Alpine szykuje się do premiery A120
Nie w Monako (jak wcześniej sądzono), a w Genewie zadebiutuje jedno z najbardziej wyczekiwanych aut ostatnich lat. Produkcyjna wersja Alpine A120 pędzi do Genewy! Premiera już 7 marca o 13:15 czasu lokalnego.
Nareszcie przedstawicielstwo Alpine zapowiedziało oficjalny debiut produkcyjnej wersji modelu A120. W czasach swojej świetności coupe francuskiej marki-córki Renault potrafiły zdrowo namieszać na trasie niejednego rajdu. Alpine A120 to nic innego od współczesnego wcielenia rajdowej legendy - modelu A110. Już niebawem poznamy je w Genewie, a trzeba powiedzieć, że czekaliśmy na to od długiego czasu.
Stylistyka modelu A120 nie będzie wiele odbiegać od znanego nam już auta koncepcyjnego, które mocno nawiązuje do poprzednika - modelu A110. Odwołania do małego coupe są widoczne nie tylko w sylwetce, ale także w detalach takich jak okrągłe reflektory, czy maska z charakterystycznymi dla Alpine przetłoczeniami. Liczymy na zachowanie tego podobieństwa.
Pierwsze informacje w kwestii silników wskazują na sięgnięcie po nową jednostkę 1.8 dysponującą mocą rzędu 250-300 KM. Za przekazanie tej mocy na tylne koła będzie odpowiadać dwusprzęgłowa skrzynia automatyczna. Waga małej, "cywilnej wyścigówki" nie powinna przekroczyć 1100 kg.

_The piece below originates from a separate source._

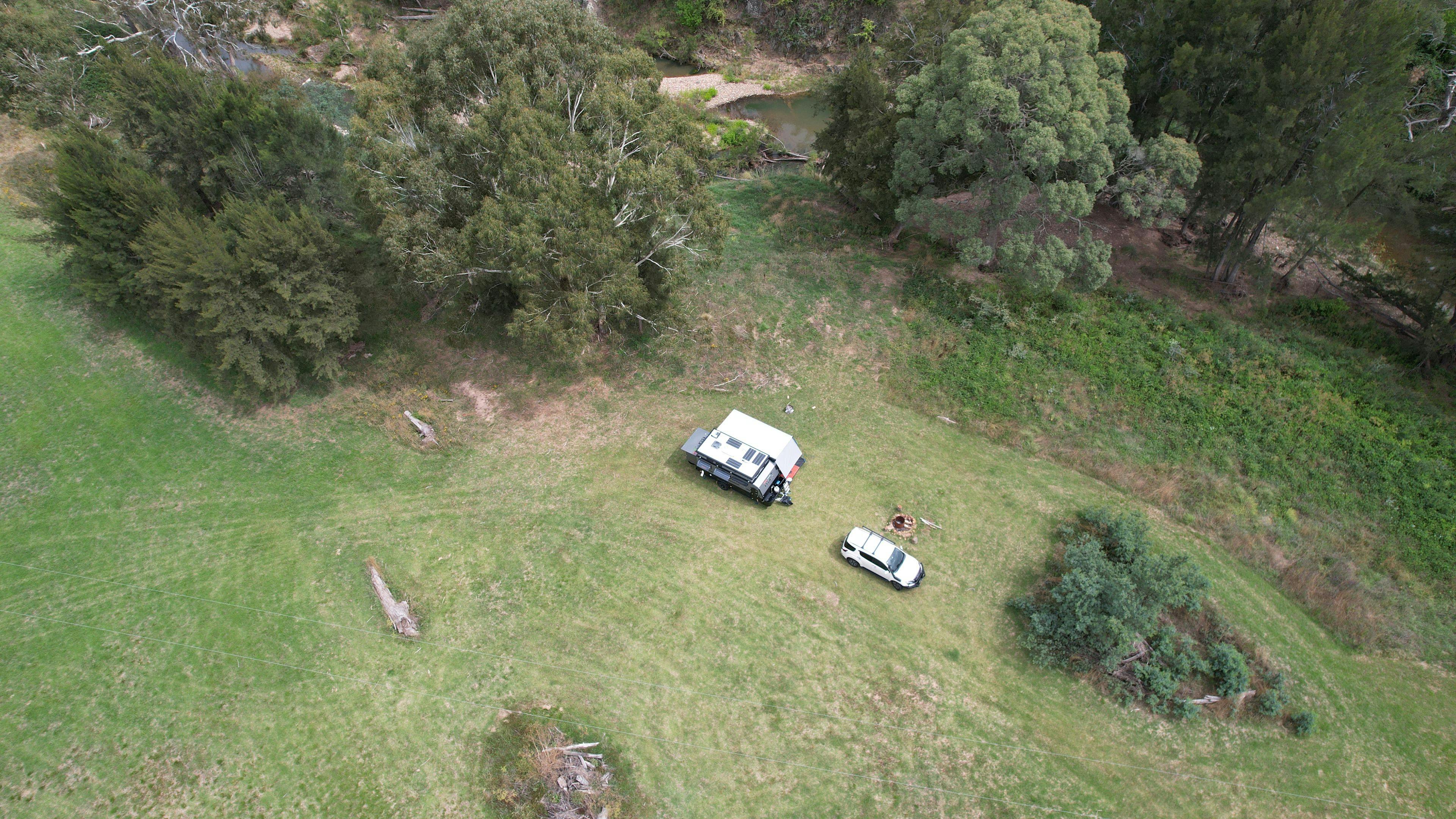 브레이즌헤드 - 하나의 위대한 장소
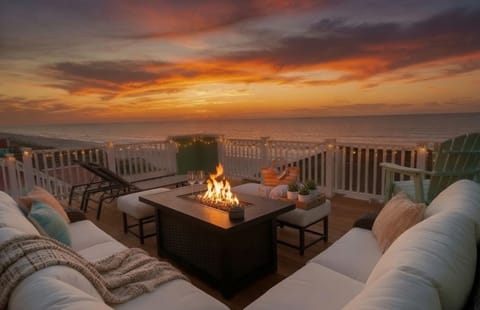 Rooftop deck with amazing sunrise and sunset views!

Wszystko to sprawia, że ugruntowane pozycje rynkowe Alfy Romeo 4C i Porsche Cayman mogą zostać zachwiane... Wybrani dilerzy Renault już szykują swoje salony na przyjęcie małego coupe. Alpine A120 jest dla francuskiego producenta na tyle ważnym modelem, że w kilku europejskich miastach powstaną też dedykowane mu salony - pierwsza placówka Alpine pojawi się oczywiście we Francji. Co ciekawe, samochód będzie można również konfigurować i zamawiać za pomocą specjalnej stworzonej do tego aplikacji. Prognozowana cena limitowanej do 1955 sztuk wersji Premiere Edition wynosi ok. 55 000 - 60 000 euro.